If you've spent time around kids, you'll know what I'm talking about here. Take a privilege away, like the T.V. or a trip to their favorite ice cream shop...and you're stuck listening to them whine and complain about it for hours on end (plus maybe you wanted to get some of that ice cream, too). Put them in time out? You have to sit there and make sure they fucking stay in time out.
They're crying. They feel awful. You feel awful, too.
Plus you have to deal with the guilt and the frustration and the underlying thoughts of Why do they have to keep doing this? Why can't they just GET it; why can't they just do what I say? What the hell am I doing wrong?

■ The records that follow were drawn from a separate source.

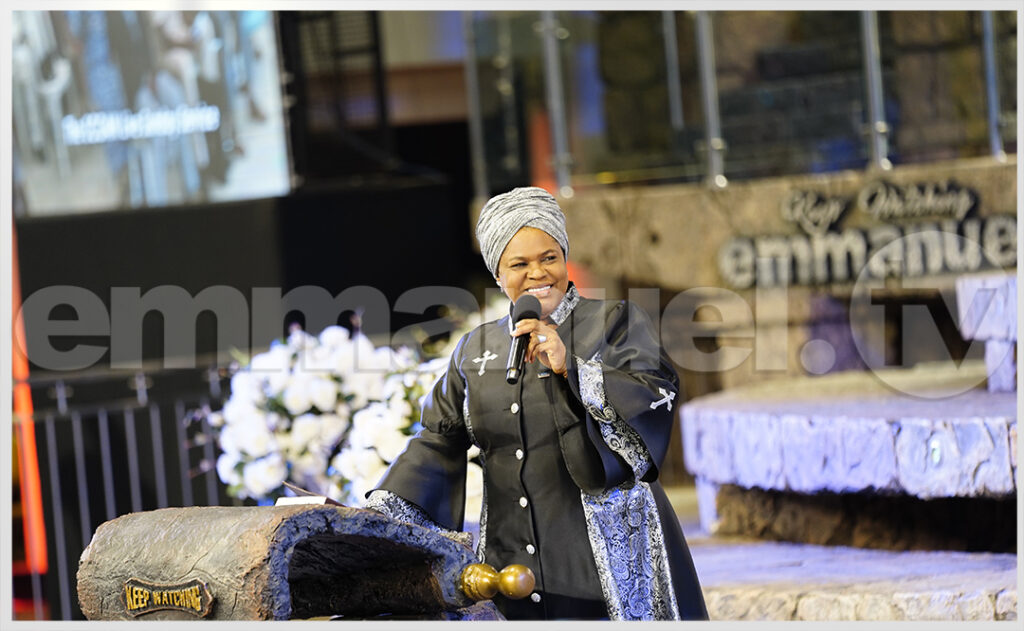 SCOAN Thanksgiving Service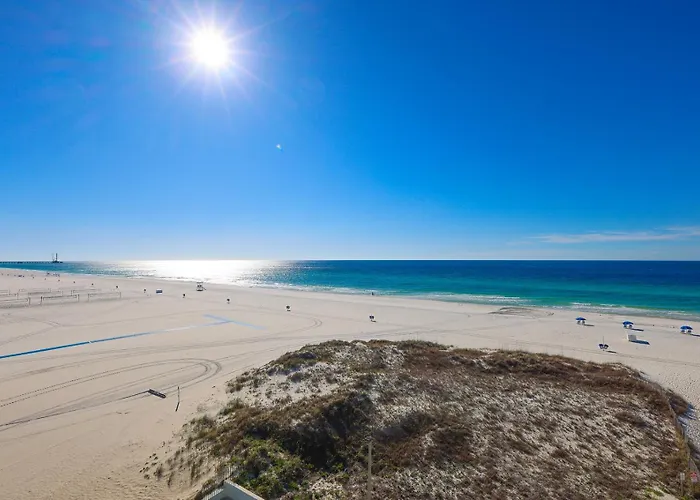 Apartment Island Winds East 503 Gulf Shores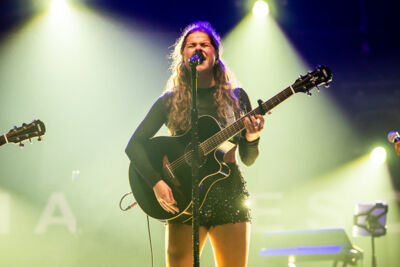 Laura Tesoro @ Parkhappening Schoten 2018, picture 24, photographed by Dimitri Vanlommel - FrontView Magazine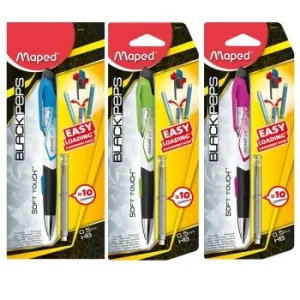 PORTE MINES RELOAD 0.5 + MINES SOUS BLISTER "MAPED" REF: 560012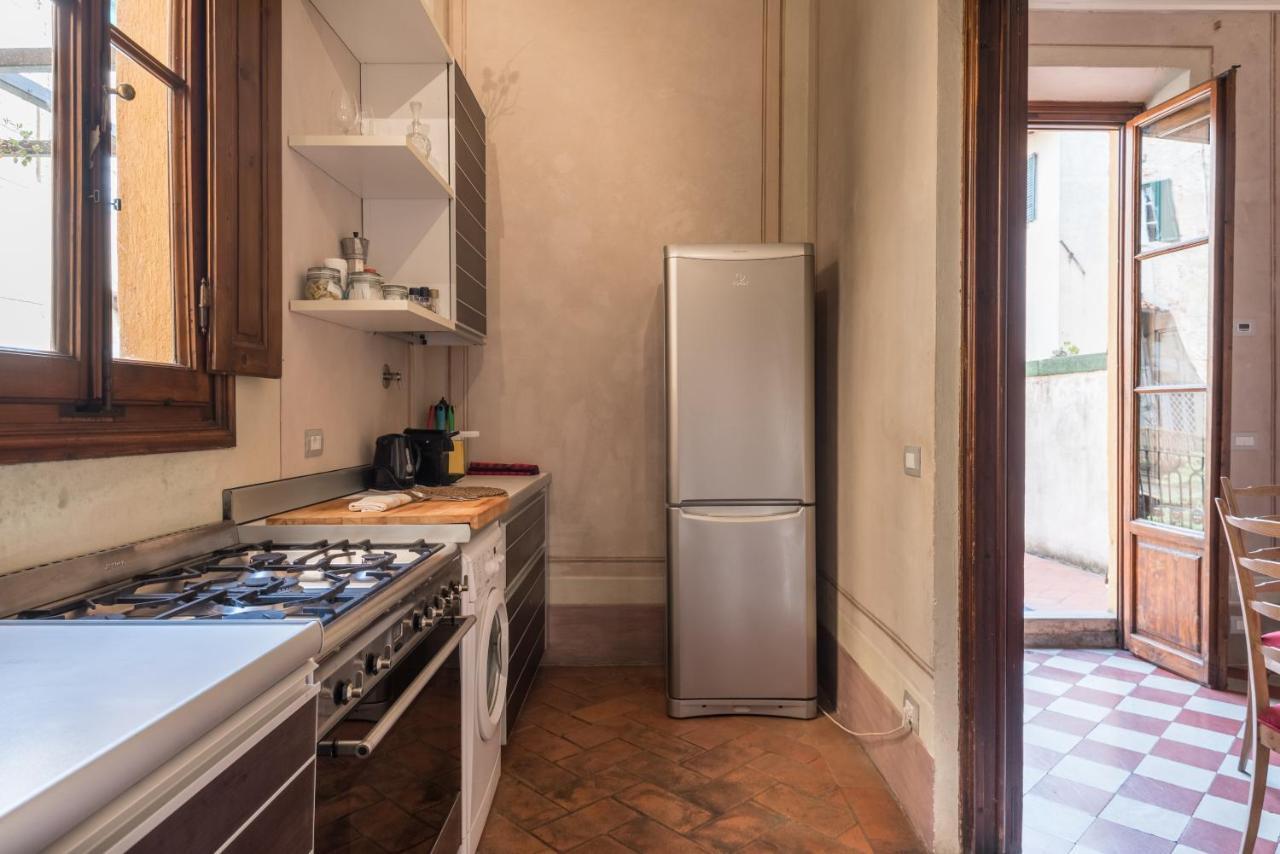 The Terrace In Florence Apt Экстерьер фото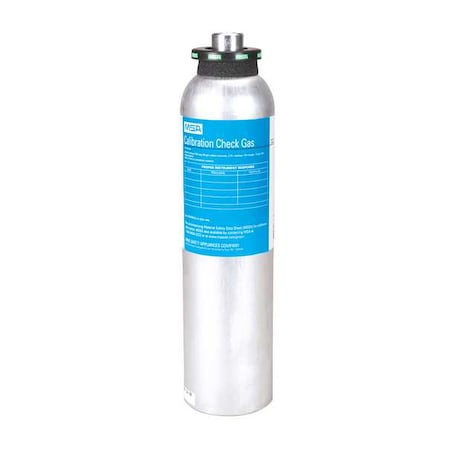 Calibration Gas For CO-CH4-O2-H2S MPN:804770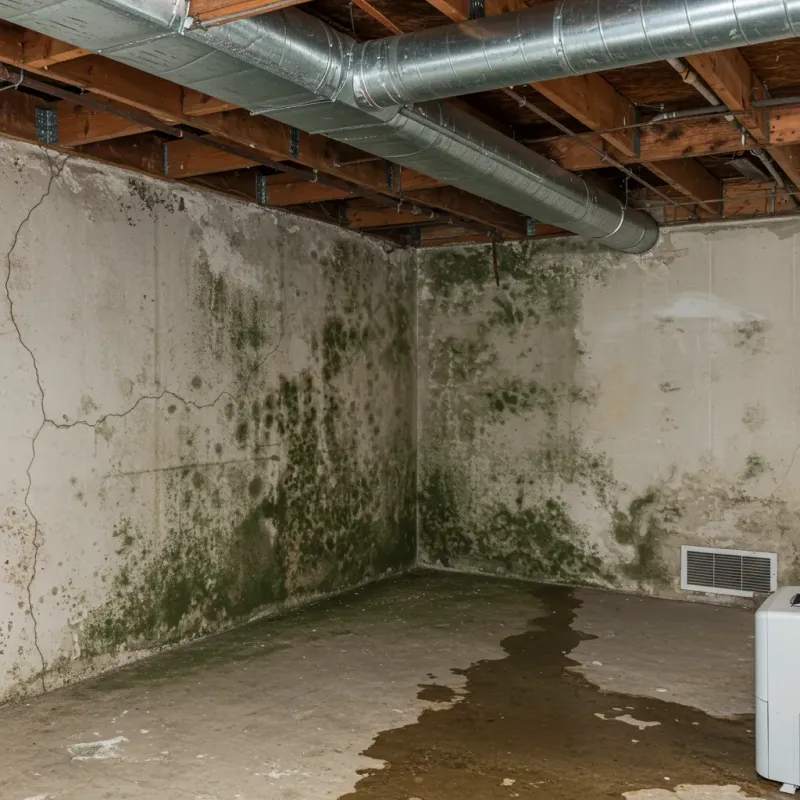 Professional Mold Removal in Florence, AZ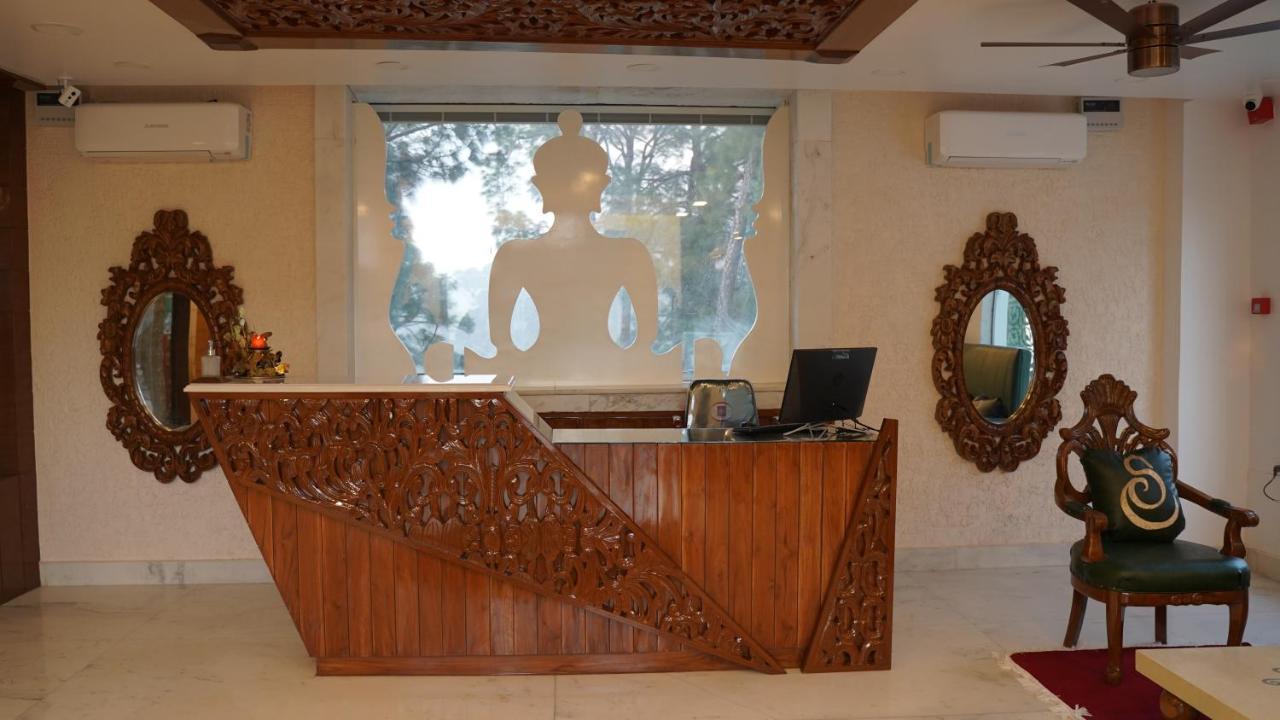 Hotel Saheb'S Castle Mcleodganj McLeod Ganj Exterior photo
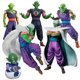 thumbnail image 2 of Anime Dragon Ball Piccolo Figure Roi Piccolo Figurine PVC Figurines Collection Modèle Jouets pour Enfants Cadeaux De Noël zhangmengya LED, 2 of 2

As a Dom, you have to take steps to provide for your sub's needs, and protect her against the things she can't handle—even when that might mean protecting her from herself.
You have to be in charge of the relationship. You have to set goals, and do your best to stick to them—even when things get rough. Even when you don't think she's giving 100% of herself.
You have to live by example, and stand by your word—even if the trust has already started to fade.

There have been times my husband has pulled rank on me, and "played the Dom card." Not often, but during some of the most stressful and life-changing times in our relationship.
Never once did I think he pulled rank for the benefit of his own needs. Every single time he pulled rank and laid down the law, it was because he thought it was for the good of the family, our relationship, or my wellbeing.
It was NEVER done for the benefit of his own selfish desires.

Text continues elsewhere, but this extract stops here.